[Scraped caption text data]
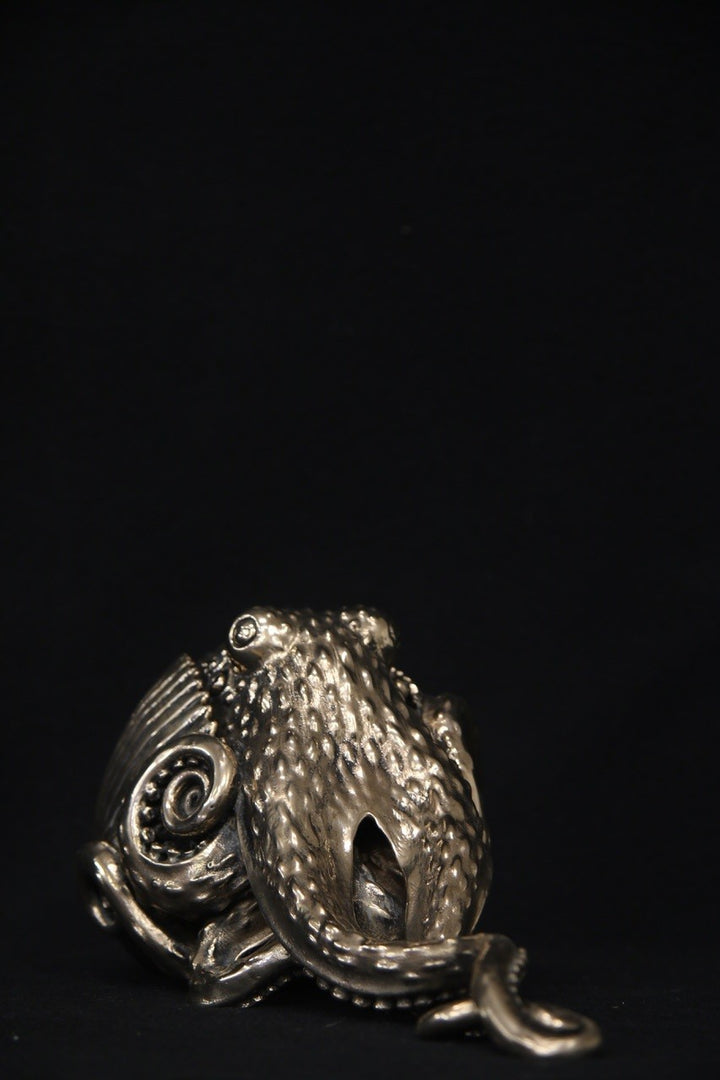 Polished bronze sculpture of an octopus with intricately detailed tentacles and textured body, shown against a black background.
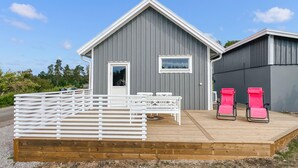 A modern building with a grey exterior and a wooden deck. - Awesome home in Mariestad with WiFi (Mariestad)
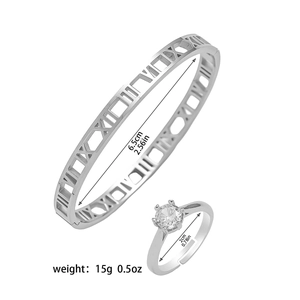 Macro detail of Roman numeral bangle and solitaire ring set with size specifications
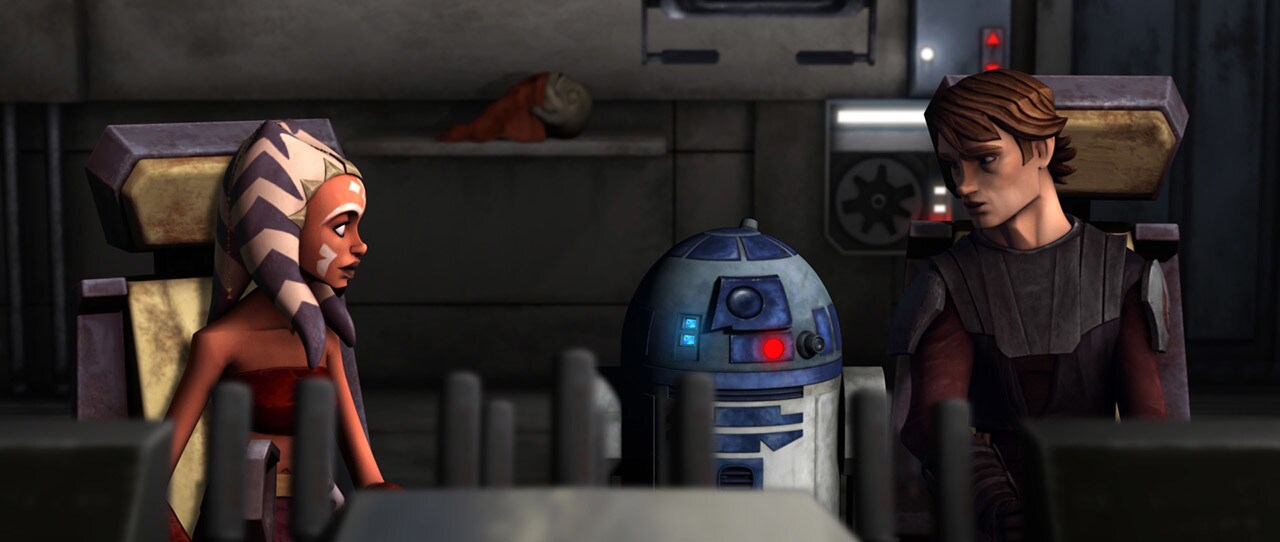 Anakin and Ahsoka Tano sit and talk while R2-D2 stands between them in The Clone Wars.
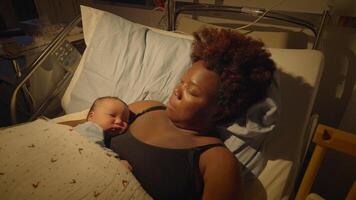 Young African Mother Lying in Hospital Bed Holding Newborn Baby After Birth video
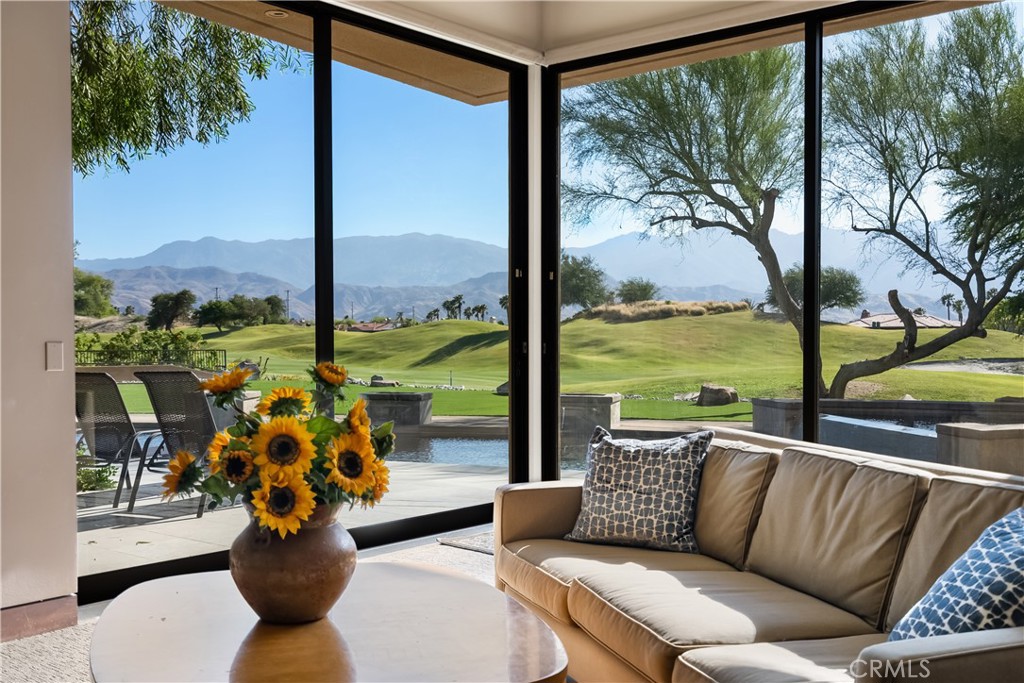 68 Royal St Georges Way Rancho Mirage, CA 92270 - Photo 25 of 73 a living room with garden view and a potted plant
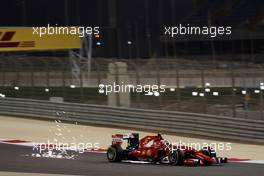 Kimi Raikkonen (FIN) Ferrari SF15-T sends sparks flying. 18.04.2015. Formula 1 World Championship, Rd 4, Bahrain Grand Prix, Sakhir, Bahrain, Qualifying Day.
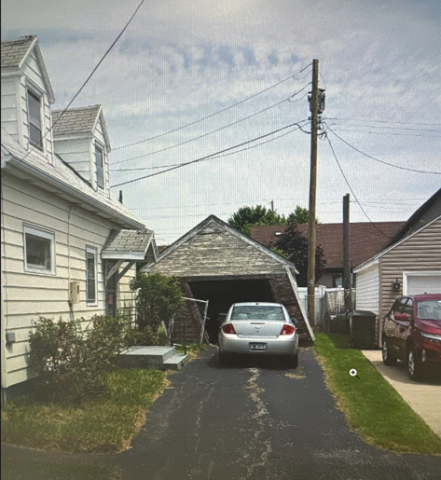 Dilapidated garage, located on Dean Road in the Village of Depew, was demolished after being reported to the Erie County Clerk's ZOMBIE Initiative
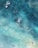 Bird's-eye view of people surfing or paddling in the ocean. The water appears clear with varying shades of blue and turquoise, and sunlight reflects off the surface. There are three individuals visible, each on a surfboard, separated by the vast, shimmering water.
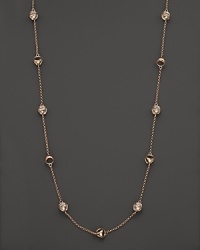 Clear rock crystal rests inside 18K rose gold stations on this modern Di MODOLO necklace.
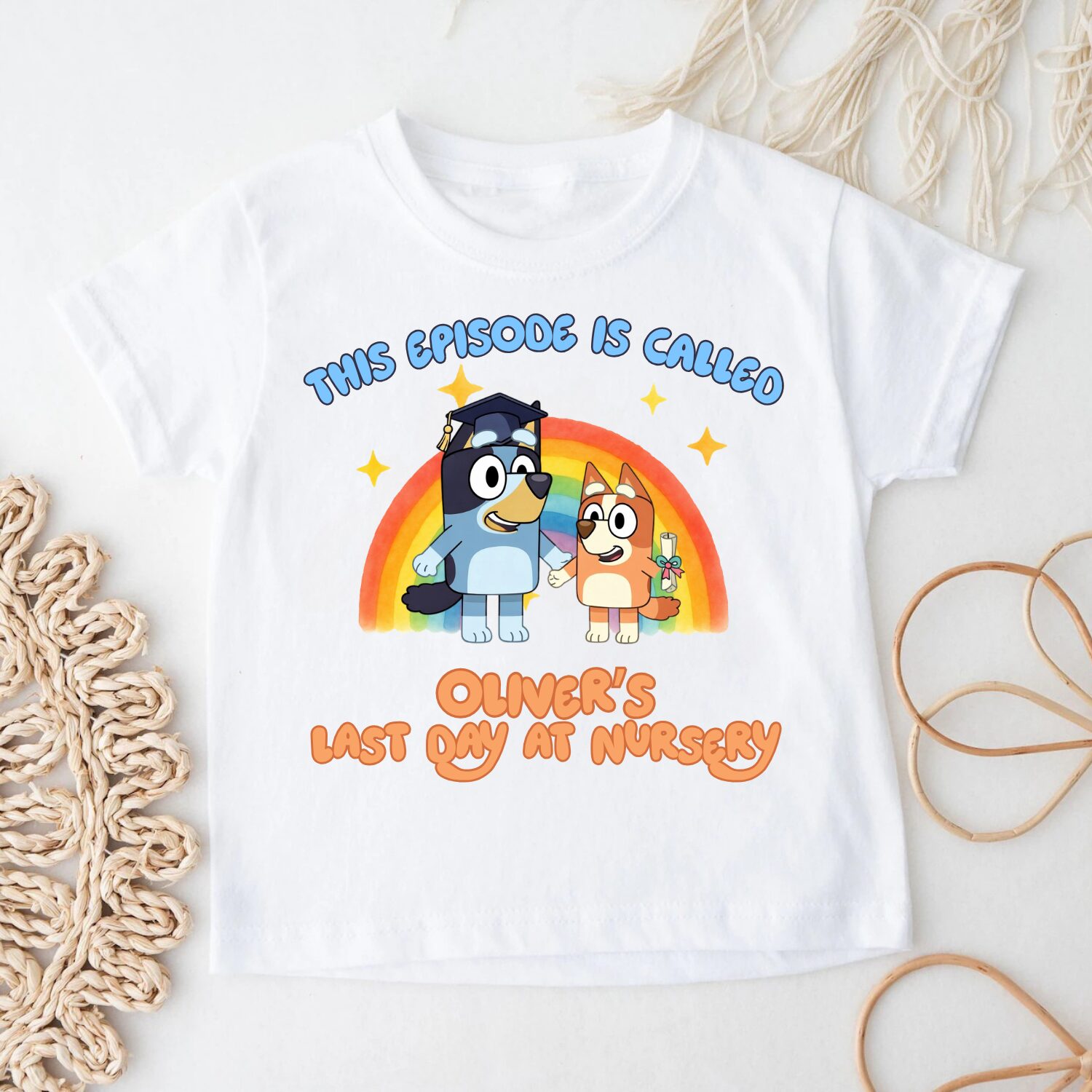Custom Bluey inspired nursery leavers t-shirt displayed with children's jeans and trainers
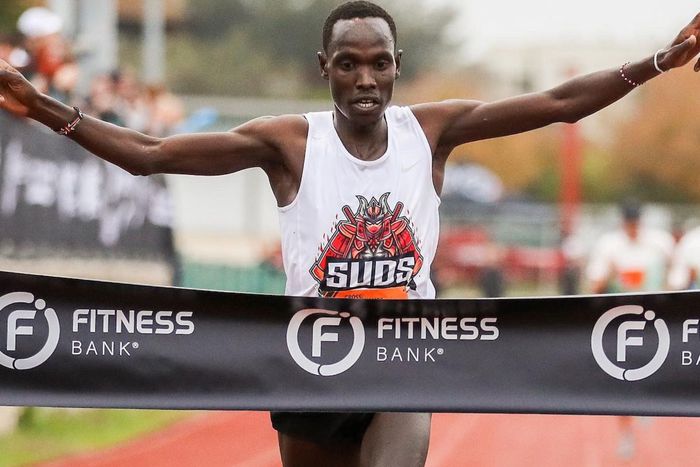 Edwin Kurgat crosses the finish line to win a past race.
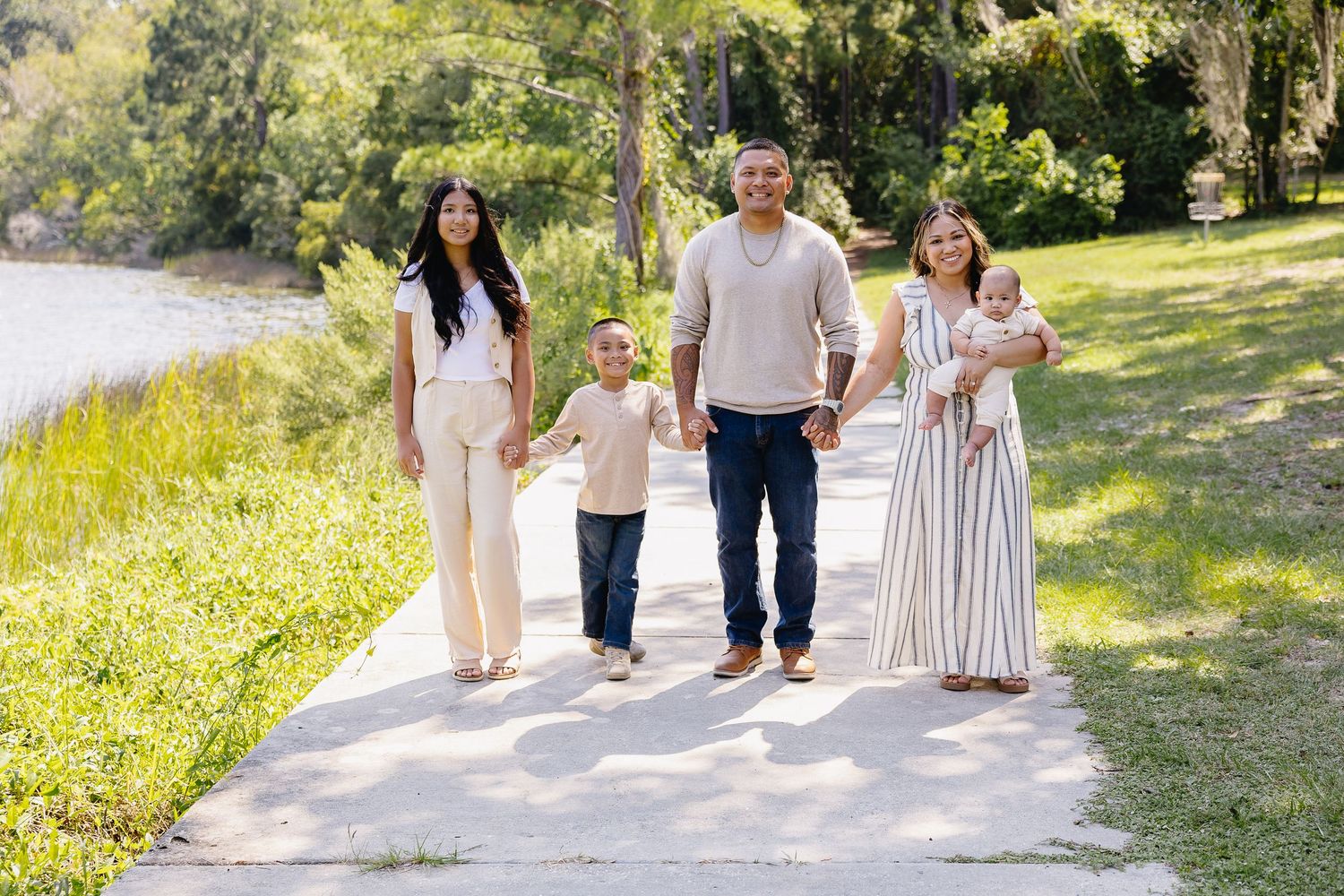 Smiling family of five walking hand-in-hand along a sunny park pathway.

◆ **What is being asked**
Omitting all pictures, restate word for word the lines from the one containing "Clear rock crystal" through the last line of the data.

◆ **Reply**
 Clear rock crystal rests inside 18K rose gold stations on this modern Di MODOLO necklace.
Custom Bluey inspired nursery leavers t-shirt displayed with children's jeans and trainers
 Edwin Kurgat crosses the finish line to win a past race.
 Smiling family of five walking hand-in-hand along a sunny park pathway.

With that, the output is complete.